• **INFORMATION SUPPLIED**

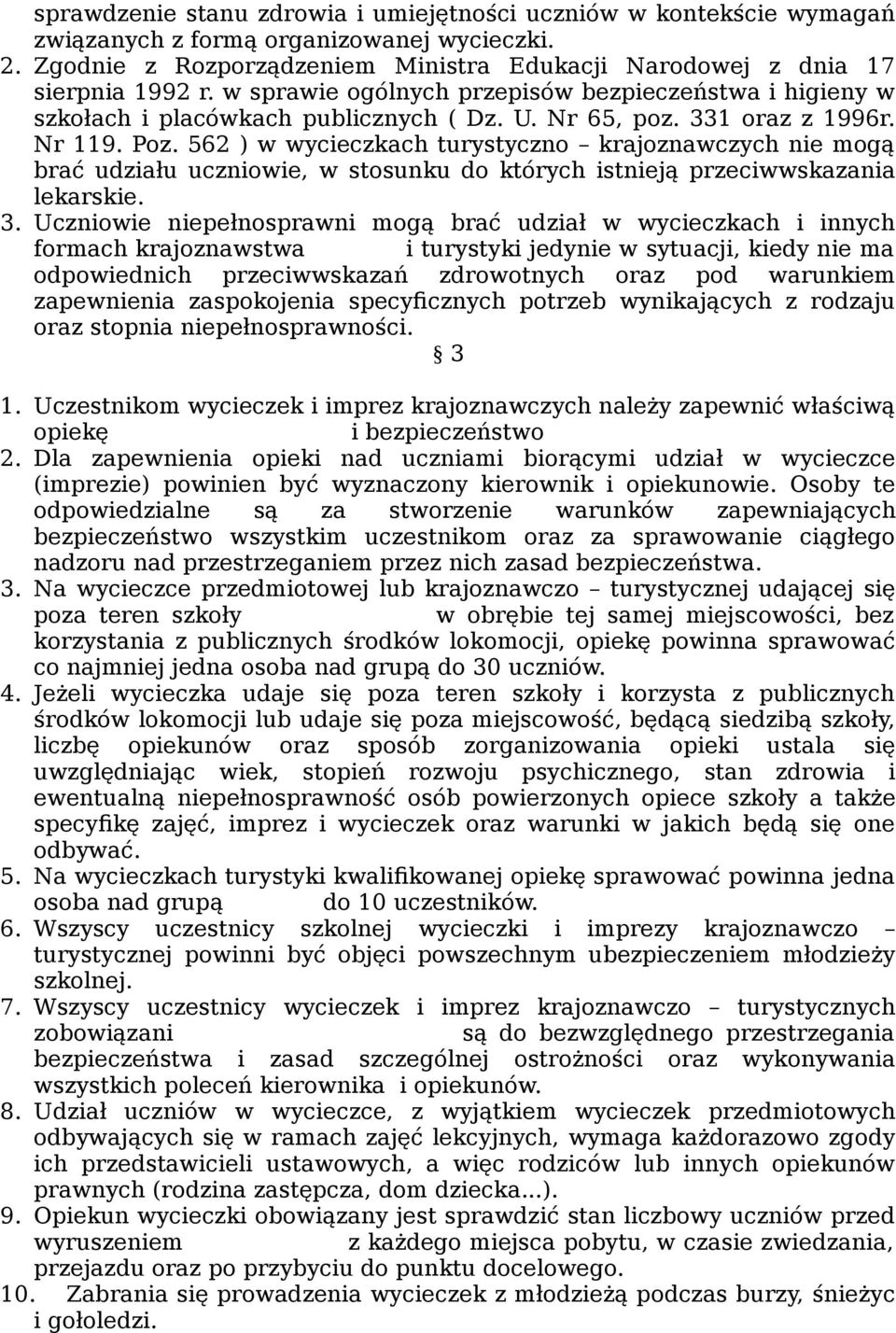 562 ) w wycieczkach turystyczno krajoznawczych nie mogą brać udziału uczniowie, w stosunku do których istnieją przeciwwskazania lekarskie. 3.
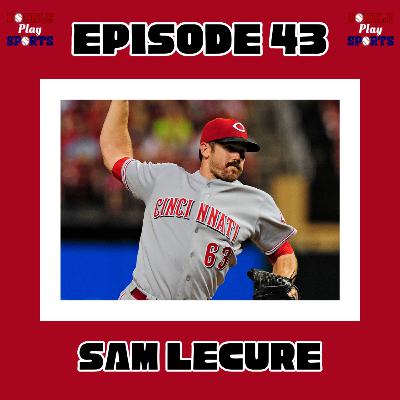 Episode 43: Sam LeCure Interview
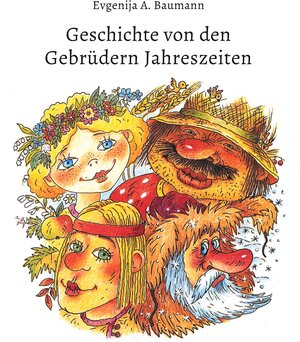 Buchcover Geschichte von den Gebrüdern Jahreszeiten | Evgenija Baumann | EAN 9783946415107 | ISBN 3-946415-10-5 | ISBN 978-3-946415-10-7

• **WHAT THE TASK ASKS**
Could the listing above be printed again in full, with every picture omitted?

• **PROBLEM SOLUTION**
 562 ) w wycieczkach turystyczno krajoznawczych nie mogą brać udziału uczniowie, w stosunku do których istnieją przeciwwskazania lekarskie. 3.
 Episode 43: Sam LeCure Interview
 Buchcover Geschichte von den Gebrüdern Jahreszeiten | Evgenija Baumann | EAN 9783946415107 | ISBN 3-946415-10-5 | ISBN 978-3-946415-10-7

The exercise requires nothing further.